I downloaded the .dic and .aff file for en_GB, en_US and nl_NL from
the OpenOffice site, but they all give me the same error message.
When I use them AS IS, I get the error message:
Oct 26, 2012 2:39:37 PM org.apache.solr.common.SolrException log
SEVERE: java.lang.RuntimeException: Unable to load hunspell data!

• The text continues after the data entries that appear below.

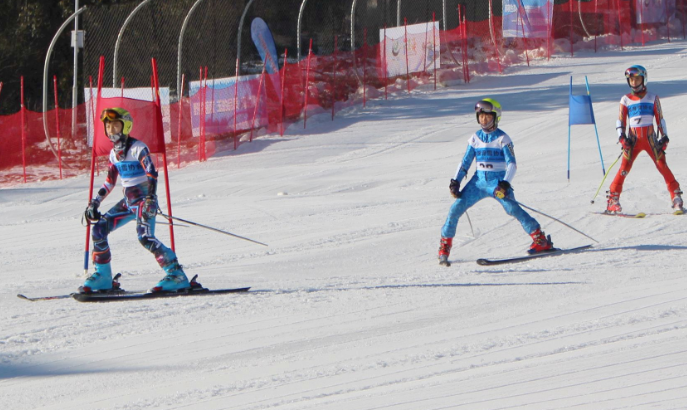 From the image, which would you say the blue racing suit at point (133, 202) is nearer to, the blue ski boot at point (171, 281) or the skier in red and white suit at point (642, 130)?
the blue ski boot at point (171, 281)

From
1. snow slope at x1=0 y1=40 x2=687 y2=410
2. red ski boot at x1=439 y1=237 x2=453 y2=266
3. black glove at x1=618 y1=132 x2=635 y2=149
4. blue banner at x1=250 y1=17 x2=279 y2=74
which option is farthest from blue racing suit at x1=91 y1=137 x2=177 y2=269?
blue banner at x1=250 y1=17 x2=279 y2=74

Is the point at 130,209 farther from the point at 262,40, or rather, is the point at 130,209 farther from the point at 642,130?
the point at 262,40

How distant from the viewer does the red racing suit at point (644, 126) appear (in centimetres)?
1016

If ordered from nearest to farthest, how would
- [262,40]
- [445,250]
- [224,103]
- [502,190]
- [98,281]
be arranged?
[98,281] → [502,190] → [445,250] → [224,103] → [262,40]

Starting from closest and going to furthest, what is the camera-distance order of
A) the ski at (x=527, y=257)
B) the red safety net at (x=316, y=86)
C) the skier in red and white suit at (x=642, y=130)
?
the ski at (x=527, y=257) < the skier in red and white suit at (x=642, y=130) < the red safety net at (x=316, y=86)

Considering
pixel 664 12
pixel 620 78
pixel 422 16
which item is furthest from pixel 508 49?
pixel 664 12

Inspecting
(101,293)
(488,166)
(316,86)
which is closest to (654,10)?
(316,86)

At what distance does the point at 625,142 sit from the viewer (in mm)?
10227

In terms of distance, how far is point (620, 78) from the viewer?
22719 mm

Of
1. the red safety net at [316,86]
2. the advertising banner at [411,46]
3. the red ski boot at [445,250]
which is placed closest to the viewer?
the red ski boot at [445,250]

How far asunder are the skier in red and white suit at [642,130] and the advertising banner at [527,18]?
52.1 feet

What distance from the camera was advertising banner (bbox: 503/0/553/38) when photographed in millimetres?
25688

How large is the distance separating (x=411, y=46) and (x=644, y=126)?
13070 millimetres

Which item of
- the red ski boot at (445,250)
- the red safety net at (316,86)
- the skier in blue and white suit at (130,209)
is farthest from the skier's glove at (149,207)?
the red safety net at (316,86) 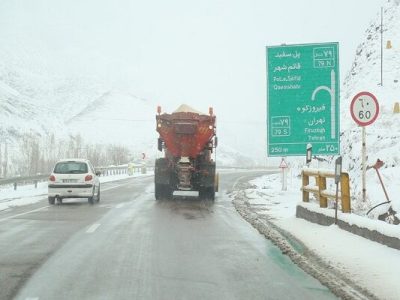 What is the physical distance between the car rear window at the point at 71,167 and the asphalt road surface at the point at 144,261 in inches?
224

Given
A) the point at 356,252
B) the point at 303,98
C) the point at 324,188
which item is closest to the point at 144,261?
the point at 356,252

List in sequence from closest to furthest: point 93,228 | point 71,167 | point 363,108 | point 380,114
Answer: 1. point 363,108
2. point 93,228
3. point 71,167
4. point 380,114

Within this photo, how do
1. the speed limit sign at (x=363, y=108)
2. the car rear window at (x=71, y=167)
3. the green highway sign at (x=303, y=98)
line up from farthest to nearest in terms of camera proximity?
the car rear window at (x=71, y=167), the green highway sign at (x=303, y=98), the speed limit sign at (x=363, y=108)

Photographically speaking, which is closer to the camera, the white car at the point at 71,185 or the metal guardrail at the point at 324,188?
the metal guardrail at the point at 324,188

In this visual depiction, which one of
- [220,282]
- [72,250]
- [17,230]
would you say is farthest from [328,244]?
[17,230]

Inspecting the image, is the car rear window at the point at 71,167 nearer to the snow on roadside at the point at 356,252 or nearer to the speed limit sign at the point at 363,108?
the snow on roadside at the point at 356,252

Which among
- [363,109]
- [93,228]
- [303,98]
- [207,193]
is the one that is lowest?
[93,228]

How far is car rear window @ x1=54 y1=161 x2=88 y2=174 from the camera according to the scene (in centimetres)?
2027

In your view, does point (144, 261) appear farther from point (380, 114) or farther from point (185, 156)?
point (380, 114)

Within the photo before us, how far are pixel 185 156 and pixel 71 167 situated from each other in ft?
13.5

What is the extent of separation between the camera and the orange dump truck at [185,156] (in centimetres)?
2119

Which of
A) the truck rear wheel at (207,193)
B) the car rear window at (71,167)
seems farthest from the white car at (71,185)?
the truck rear wheel at (207,193)

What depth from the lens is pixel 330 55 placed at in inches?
770

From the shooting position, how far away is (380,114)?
101 ft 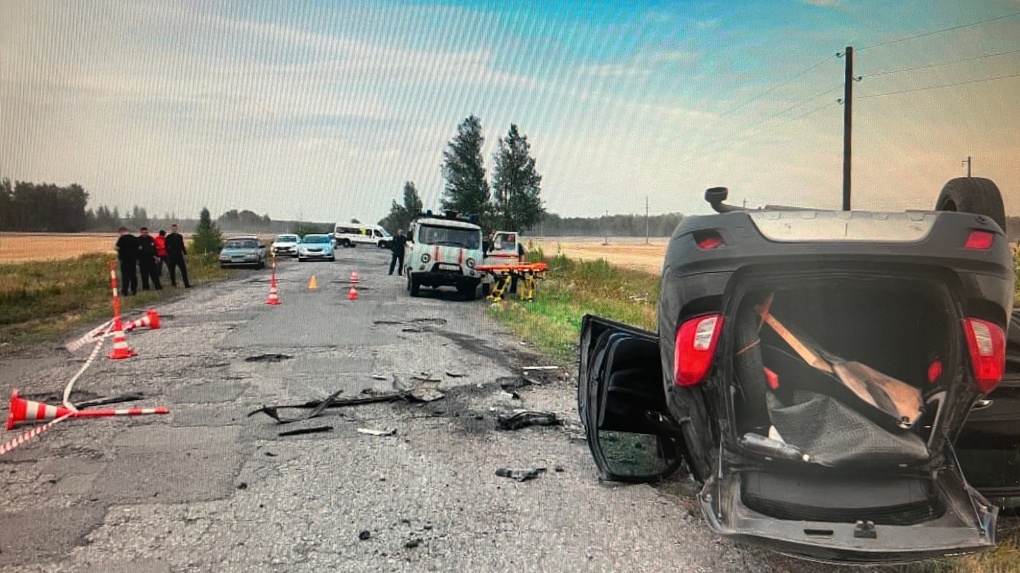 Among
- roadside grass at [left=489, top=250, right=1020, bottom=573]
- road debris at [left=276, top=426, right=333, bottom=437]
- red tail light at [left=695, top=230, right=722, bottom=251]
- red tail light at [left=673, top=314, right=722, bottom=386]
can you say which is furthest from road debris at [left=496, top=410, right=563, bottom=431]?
red tail light at [left=695, top=230, right=722, bottom=251]

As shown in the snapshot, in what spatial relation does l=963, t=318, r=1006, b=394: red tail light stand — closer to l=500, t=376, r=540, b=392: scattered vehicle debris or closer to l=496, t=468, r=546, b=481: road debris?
l=496, t=468, r=546, b=481: road debris

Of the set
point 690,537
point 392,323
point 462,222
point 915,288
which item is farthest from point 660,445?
point 462,222

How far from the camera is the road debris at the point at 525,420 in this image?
20.6ft

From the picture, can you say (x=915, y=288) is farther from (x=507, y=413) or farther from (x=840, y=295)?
(x=507, y=413)

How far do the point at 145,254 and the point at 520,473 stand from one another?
59.0 ft

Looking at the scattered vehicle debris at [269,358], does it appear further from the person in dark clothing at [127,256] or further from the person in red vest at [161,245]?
the person in red vest at [161,245]

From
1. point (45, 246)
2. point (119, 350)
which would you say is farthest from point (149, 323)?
point (45, 246)

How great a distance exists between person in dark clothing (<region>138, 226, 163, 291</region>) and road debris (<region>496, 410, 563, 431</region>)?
16.3m

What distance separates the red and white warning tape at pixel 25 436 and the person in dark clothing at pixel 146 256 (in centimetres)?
1431

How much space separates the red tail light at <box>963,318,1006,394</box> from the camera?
302cm

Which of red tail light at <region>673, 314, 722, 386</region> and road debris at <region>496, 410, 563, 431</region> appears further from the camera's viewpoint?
road debris at <region>496, 410, 563, 431</region>

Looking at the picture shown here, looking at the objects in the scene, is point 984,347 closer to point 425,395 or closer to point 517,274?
point 425,395

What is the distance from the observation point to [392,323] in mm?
13359

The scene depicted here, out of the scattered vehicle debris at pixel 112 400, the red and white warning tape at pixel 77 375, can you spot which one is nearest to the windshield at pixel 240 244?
the red and white warning tape at pixel 77 375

[dictionary=en_GB.dic,affix=en_GB.aff]
at
org.apache.solr.analysis.HunspellStemFilterFactory.inform(HunspellStemFilterFactory.java:87)
at
org.apache.solr.core.SolrResourceLoader.inform(SolrResourceLoader.java:551)
....
Caused by: java.text.ParseException: The first non-comment line in the
affix file must be a 'SET charset', was: 'FLAG num'
at
org.apache.lucene.analysis.hunspell.HunspellDictionary.getDictionaryEncoding(HunspellDictionary.java:280)
at
org.apache.lucene.analysis.hunspell.HunspellDictionary.<init>(HunspellDictionary.java:112)
at
org.apache.solr.analysis.HunspellStemFilterFactory.inform(HunspellStemFilterFactory.java:85)
... 32 more
When I add the following first line to both the .dic and the .aff file:
SET UTF-8
The error message changes into:
Oct 26, 2012 10:16:42 AM org.apache.solr.common.SolrException log
SEVERE: java.lang.RuntimeException: Unable to load hunspell data!

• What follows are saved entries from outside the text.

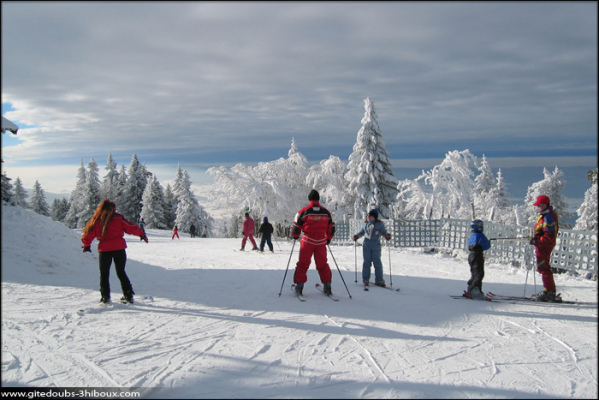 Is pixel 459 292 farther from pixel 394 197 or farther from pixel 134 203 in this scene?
pixel 134 203

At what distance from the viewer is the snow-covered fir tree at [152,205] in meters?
50.2

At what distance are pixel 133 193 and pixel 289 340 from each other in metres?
55.0

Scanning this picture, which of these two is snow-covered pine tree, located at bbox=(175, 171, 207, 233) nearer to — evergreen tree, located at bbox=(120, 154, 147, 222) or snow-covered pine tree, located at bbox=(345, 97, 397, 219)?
evergreen tree, located at bbox=(120, 154, 147, 222)

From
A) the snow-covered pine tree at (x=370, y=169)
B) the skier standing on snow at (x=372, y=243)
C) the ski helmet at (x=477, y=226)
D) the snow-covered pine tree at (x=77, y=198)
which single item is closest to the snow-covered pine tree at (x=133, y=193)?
the snow-covered pine tree at (x=77, y=198)

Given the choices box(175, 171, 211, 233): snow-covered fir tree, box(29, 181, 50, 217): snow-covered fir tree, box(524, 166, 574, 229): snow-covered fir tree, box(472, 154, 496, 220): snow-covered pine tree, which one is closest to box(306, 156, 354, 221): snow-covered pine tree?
box(472, 154, 496, 220): snow-covered pine tree

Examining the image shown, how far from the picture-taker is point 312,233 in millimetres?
7109

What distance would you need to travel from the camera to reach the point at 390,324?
5.75m

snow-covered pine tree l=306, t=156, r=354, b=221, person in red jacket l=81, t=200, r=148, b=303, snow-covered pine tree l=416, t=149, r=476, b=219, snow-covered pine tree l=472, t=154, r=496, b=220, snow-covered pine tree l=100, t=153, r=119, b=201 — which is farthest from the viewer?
snow-covered pine tree l=100, t=153, r=119, b=201

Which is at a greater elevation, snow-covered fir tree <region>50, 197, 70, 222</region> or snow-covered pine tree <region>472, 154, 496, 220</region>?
snow-covered pine tree <region>472, 154, 496, 220</region>

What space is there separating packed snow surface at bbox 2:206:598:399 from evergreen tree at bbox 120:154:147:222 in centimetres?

[dictionary=en_GB.dic,affix=en_GB.aff]
at org.apache.solr.analysis.HunspellStemFilterFactory.infoOSX
10.7.5rm(HunspellStemFilterFactory.java:87)
at
org.apache.solr.core.SolrResourceLoader.inform(SolrResourceLoader.java:551)
....
Caused by: java.nio.charset.IllegalCharsetNameException: 'UTF-8'
at java.nio.charset.Charset.checkName(Charset.java:284)

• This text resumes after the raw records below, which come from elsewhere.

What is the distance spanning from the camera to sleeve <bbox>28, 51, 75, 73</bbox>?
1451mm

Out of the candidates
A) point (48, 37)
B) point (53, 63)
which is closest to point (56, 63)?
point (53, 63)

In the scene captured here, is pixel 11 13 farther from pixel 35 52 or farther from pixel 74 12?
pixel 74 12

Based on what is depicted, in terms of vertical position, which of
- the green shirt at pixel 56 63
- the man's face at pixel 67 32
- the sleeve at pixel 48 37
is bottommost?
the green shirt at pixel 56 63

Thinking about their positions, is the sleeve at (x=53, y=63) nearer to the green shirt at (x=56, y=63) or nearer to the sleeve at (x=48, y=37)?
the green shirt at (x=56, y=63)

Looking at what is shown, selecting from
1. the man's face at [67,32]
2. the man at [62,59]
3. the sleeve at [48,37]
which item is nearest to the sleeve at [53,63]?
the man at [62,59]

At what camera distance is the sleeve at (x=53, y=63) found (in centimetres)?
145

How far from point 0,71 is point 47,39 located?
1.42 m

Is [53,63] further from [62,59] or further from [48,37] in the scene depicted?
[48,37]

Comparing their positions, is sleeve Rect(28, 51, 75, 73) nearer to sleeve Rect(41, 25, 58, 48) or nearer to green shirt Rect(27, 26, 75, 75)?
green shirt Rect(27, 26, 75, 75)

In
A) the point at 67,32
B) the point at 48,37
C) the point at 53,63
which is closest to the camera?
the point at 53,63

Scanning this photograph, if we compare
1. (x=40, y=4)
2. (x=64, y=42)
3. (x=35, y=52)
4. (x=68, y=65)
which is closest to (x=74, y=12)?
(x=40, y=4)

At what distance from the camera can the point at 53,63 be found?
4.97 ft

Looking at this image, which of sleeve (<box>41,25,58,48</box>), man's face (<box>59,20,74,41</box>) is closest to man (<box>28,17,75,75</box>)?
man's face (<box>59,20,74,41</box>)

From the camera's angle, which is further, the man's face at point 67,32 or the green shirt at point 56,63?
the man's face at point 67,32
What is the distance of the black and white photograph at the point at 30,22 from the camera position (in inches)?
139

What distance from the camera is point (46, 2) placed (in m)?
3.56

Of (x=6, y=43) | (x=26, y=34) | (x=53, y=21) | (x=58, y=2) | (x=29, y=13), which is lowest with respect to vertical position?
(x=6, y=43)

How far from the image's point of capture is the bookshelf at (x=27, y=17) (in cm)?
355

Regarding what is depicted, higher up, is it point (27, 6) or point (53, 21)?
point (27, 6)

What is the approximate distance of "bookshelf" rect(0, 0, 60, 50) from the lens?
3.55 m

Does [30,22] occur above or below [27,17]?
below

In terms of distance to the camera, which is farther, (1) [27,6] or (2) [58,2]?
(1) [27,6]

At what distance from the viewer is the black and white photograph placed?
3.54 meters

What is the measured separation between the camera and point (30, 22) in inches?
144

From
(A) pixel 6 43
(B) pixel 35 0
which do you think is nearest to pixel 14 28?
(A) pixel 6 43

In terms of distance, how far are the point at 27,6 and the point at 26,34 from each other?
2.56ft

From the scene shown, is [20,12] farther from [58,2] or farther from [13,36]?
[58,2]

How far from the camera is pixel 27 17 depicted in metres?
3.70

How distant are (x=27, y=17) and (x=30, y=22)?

at java.nio.charset.Charset.lookup2(Charset.java:458)
at java.nio.charset.Charset.lookup(Charset.java:437)
at java.nio.charset.Charset.forName(Charset.java:502)
at
org.apache.lucene.analysis.hunspell.HunspellDictionary.getJavaEncoding(HunspellDictionary.java:293)
at
org.apache.lucene.analysis.hunspell.HunspellDictionary.<init>(HunspellDictionary.java:113)
at
org.apache.solr.analysis.HunspellStemFilterFactory.inform(HunspellStemFilterFactory.java:85)
... 32 more
I am aware of a similar issue that was raised on this list in 12-2011,
which was escalated to the Jiria list
(https://issues.apache.org/jira/browse/SOLR-2934), but am not sure if
that was ever resolved. Or am I just missing something? In either
case, could anyone who has working dictionary files share them with me
(any old language; as long as it works!)
I am using Solr 3.6.1 on a Mac running OSX 10.7.5
- Rob